Transcribe the stretch of entries below from the line with "PowerStop® - Semi" through the line with "Fueled By Fire Courage T-Shirt", exactly and with both ends included; leave out all other lines.

• _MATERIAL FOR THE TASK_:
++++++

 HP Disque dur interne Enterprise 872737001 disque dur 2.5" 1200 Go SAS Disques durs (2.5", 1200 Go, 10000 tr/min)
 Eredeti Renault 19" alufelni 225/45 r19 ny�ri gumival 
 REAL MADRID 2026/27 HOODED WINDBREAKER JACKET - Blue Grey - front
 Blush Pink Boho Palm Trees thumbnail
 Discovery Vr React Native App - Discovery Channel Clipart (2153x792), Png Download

++++++

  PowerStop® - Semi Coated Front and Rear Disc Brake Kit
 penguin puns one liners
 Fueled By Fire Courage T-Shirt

++++++

• _ANSWER AREA_:
  PowerStop® - Semi Coated Front and Rear Disc Brake Kit
 penguin puns one liners
 Fueled By Fire Courage T-Shirt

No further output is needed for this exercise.